Trouble mapping realtime speech to function call text

Hey there,

Right now I’m using the Realtime API to call simple functions intelligently. I used the Twilio + OpenAI app as a template.

I’ve noticed that for functions with multiple inputs that the Realtime API often misses a digit or two of an input. The problem is that when I go to speak the input again the Realtime API often stubbornly sticks to its original input.

I output conversation.item.input_audio_transcription.completed events and it’s clear that it does hear what I’m saying but that for some reason doesn’t directly make it into the function call.

Has anyone else had this same issue?

For example here’s one of my functions registered with OpenAI:

def opt_out_sponsor(
    ein: str,
    reason: ValidReason,
    first_name: str,
    last_name: str,
    plan_name: str,
    plan_phone: str,
) -> str:
    """
    Call this if the user asks to opt out and please confirm EIN and read it back to the user for confirmation.

    Args:
        ein (str): Employer Identification Number
        reason (ValidReason): The existing plan type that the user has and therefore their reason for opting out.
        first_name (str): The first name of the main contact for the sponsor.
        last_name (str): The last name of the main contact for the sponsor.
        plan_name (str): The name of the existing plan.
        plan_phone (str): The phone number of the existing plan.

    Returns:
        str: The response to be read to the user.
    """
    # does some API calls and returns "Say this verbatim: I'm sorry but I had trouble finalizing the exemption. Please try again later." if there's an error

It’s worth noting that OpenAI Realtime API seems to excel with simple names like “Michael” and “John” but an EIN is trickier. An EIN is usually in the form 00-0000000. By the way, the dash isn’t what I’m discussing here as I can always filter the dash out with Python. It’s that the EIN is often wrong on the function call even though the text transcription is great.

1 Like

There might be a few options I would consider initially here.
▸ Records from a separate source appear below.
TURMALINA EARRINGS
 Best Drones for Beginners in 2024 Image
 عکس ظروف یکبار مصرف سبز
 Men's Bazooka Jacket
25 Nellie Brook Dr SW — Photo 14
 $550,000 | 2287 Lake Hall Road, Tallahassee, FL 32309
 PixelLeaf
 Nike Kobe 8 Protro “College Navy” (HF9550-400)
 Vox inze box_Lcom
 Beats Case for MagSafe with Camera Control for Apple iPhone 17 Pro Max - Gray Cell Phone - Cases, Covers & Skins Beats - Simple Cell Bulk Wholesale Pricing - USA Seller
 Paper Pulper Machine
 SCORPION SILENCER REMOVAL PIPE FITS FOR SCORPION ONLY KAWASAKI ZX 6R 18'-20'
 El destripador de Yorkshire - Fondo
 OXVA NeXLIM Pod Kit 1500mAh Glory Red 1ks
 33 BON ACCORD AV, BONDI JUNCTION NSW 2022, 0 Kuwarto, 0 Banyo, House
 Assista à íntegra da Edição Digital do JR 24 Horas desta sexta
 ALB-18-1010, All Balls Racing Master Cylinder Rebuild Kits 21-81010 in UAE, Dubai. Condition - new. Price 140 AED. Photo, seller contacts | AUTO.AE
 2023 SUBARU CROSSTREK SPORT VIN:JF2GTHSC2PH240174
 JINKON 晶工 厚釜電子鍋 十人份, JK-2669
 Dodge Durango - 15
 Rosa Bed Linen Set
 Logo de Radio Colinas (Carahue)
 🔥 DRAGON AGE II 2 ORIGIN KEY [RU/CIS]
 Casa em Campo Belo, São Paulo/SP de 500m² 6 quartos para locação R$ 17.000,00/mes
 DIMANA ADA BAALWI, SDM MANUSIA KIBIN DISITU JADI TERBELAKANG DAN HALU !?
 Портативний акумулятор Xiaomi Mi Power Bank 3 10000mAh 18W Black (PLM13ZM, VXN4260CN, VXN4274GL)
However, what exactly is your function call schema / definition? As in the actual JSON schema you’re giving the OpenAI model?

https://platform.openai.com/docs/guides/function-calling#defining-functions

I would first isolate the EIN request to it’s own function call separate from the other stuff you’re trying to do so we can isolate it and figure out how we could tweak the tool to hopefully have it produce the intended output. If the text transcription is good, it might be worth just manually feeding that transcription back into your own function directly.